In 1999, responding to consumer concern about genetically modified (GM) foods, Sanitarium assured its customers that the soy used in So Good soy milk was non-GM. Sanitarium was the first food manufacturer in Australia to take this step, and ever since then we have labelled our soy milks and frozen desserts accordingly.
We still do not use ingredients sourced from GM crops, and we will continue to monitor consumers’ response to the issue as further research on the benefits or otherwise of GM crops continues.
Sanitarium fully supports the Australia New Zealand Food Standards Code 1.5.2(4), which requires the consistent presence of GM ingredients (above very low levels) to be indicated on product labels in or close to the ingredient list. We ensure that none of our ingredients requires us to label any product as containing GM materials in accordance with the code.
Where the confidence of consumers requires explicit assurance of non-GM status, we go beyond the food labelling content requirements by using a confirmed non-GM supply chain.
Despite our best efforts, we do realise that minor and unforeseen co-mingling of GM with non-GM ingredients may occur, so we routinely monitor our performance to minimise this possibility. Before 1999, our food scientists and technical experts and our suppliers used an international process called identity preservation (IP). Starting with non-GM seeds, IP tracks the crop from planting right through to the final manufacturing process, with verification at each step.

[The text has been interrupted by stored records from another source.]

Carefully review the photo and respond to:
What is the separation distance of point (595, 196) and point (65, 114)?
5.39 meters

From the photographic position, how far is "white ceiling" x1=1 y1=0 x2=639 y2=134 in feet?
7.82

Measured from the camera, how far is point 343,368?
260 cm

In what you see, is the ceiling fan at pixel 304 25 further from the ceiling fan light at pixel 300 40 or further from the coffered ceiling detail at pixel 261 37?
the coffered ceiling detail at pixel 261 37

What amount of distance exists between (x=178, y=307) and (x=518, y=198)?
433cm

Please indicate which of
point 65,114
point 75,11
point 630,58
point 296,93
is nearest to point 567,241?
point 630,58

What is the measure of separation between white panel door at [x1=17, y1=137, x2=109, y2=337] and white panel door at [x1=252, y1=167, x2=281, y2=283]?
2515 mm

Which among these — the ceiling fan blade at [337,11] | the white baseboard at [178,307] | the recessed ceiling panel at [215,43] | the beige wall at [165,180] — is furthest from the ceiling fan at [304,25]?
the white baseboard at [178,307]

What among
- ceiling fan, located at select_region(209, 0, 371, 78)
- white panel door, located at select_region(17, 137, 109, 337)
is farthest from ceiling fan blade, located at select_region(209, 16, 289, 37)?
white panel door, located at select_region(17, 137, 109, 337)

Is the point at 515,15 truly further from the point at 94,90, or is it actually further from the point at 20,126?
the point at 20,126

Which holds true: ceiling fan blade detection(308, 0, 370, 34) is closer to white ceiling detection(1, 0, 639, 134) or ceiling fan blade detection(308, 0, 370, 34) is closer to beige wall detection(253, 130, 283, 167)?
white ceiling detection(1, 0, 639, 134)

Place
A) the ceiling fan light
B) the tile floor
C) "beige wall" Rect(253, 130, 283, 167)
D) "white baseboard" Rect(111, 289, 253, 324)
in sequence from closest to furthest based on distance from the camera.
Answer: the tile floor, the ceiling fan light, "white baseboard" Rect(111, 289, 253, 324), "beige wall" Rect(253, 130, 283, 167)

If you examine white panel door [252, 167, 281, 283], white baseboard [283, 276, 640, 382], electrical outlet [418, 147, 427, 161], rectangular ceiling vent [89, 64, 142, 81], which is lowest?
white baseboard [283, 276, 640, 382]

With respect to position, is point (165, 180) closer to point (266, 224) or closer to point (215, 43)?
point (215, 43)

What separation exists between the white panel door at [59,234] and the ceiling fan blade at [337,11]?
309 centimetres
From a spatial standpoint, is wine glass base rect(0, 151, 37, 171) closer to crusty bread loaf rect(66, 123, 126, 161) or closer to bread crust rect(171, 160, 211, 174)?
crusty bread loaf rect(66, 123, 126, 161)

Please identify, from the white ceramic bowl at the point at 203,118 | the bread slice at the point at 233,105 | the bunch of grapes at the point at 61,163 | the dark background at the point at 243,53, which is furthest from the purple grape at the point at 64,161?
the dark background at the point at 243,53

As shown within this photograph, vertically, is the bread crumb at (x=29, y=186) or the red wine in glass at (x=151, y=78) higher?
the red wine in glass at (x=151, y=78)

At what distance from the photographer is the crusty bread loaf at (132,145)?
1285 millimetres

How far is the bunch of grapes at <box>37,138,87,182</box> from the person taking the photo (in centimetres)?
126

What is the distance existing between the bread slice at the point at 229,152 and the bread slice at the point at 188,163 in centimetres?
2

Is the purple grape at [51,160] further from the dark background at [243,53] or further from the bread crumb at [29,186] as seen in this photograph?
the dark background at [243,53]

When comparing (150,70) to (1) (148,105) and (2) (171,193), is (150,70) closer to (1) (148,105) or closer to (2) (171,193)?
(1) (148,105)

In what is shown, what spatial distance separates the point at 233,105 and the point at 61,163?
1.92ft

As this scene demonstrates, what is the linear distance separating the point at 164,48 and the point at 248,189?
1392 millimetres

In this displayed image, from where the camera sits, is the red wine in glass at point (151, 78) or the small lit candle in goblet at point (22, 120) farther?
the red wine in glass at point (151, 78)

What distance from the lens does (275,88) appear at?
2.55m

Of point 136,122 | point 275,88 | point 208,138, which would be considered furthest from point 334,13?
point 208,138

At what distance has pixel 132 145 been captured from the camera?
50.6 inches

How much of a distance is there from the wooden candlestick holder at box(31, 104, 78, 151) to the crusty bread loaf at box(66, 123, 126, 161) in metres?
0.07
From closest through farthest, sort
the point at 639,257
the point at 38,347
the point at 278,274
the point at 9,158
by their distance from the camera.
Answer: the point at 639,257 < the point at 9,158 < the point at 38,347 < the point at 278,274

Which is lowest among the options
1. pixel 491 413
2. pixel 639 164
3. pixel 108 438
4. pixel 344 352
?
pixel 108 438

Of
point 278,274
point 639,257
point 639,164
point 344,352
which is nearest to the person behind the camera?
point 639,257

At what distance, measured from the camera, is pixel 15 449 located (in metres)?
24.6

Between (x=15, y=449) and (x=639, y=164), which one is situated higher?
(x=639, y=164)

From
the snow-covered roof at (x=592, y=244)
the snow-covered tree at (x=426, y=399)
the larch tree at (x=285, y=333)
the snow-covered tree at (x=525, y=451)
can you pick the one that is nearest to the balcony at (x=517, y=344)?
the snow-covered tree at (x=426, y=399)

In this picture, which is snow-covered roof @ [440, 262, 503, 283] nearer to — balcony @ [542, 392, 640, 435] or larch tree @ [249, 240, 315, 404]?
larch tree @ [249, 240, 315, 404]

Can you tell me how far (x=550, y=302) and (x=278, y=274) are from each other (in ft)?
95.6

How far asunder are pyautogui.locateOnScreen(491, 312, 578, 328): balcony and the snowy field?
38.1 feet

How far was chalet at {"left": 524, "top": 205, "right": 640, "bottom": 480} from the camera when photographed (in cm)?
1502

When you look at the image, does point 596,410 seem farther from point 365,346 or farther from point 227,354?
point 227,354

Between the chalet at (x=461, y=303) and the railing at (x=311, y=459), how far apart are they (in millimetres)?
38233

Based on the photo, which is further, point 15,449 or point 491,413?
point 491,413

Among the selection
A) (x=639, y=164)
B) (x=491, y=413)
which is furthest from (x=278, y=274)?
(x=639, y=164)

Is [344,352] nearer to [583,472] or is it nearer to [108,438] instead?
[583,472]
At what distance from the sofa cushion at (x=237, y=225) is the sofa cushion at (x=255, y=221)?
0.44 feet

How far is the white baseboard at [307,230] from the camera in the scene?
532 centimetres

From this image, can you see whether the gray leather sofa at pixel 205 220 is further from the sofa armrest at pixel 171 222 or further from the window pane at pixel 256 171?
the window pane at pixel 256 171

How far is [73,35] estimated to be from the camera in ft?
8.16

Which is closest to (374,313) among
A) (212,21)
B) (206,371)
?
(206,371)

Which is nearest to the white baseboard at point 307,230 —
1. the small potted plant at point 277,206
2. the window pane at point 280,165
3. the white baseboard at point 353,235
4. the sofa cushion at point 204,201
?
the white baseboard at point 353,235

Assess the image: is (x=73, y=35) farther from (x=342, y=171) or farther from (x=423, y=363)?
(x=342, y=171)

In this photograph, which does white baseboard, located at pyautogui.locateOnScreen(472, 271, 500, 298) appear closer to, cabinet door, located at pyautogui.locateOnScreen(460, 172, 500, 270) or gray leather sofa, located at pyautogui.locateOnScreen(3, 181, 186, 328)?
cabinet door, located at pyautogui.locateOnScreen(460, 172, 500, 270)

At the same time, we worked closely with government health ministers and food industry bodies to clarify understanding of non-GM and IP. We recommended the approach to GM labelling adopted by food regulators and the food industry because we believe consumers have a right to know exactly what is in their food.
GM foods: what does the future hold?
Sanitarium is not opposed to the use of biotechnology, which can offer important improvements in food production, including plants that are more resistant to disease and require less water. We support the responsible introduction of new food supply techniques, as long as consumers are educated and kept informed every step of the way.
Food developers, industry lobby groups, government and regulatory authorities all have a part to play in educating the community to make informed choices. Manufacturers must also provide accurate information, point out misconceptions and refute misinformation. This is not so much to achieve public acceptance of the new technologies as to ensure sufficient time and information flow for consumers to make informed food choices.
For now, however, Sanitarium believes we have not reached a point where everyone can agree on the key issues involving GM crops and foods, and until we believe this point has been reached, our non-GM policy will not change.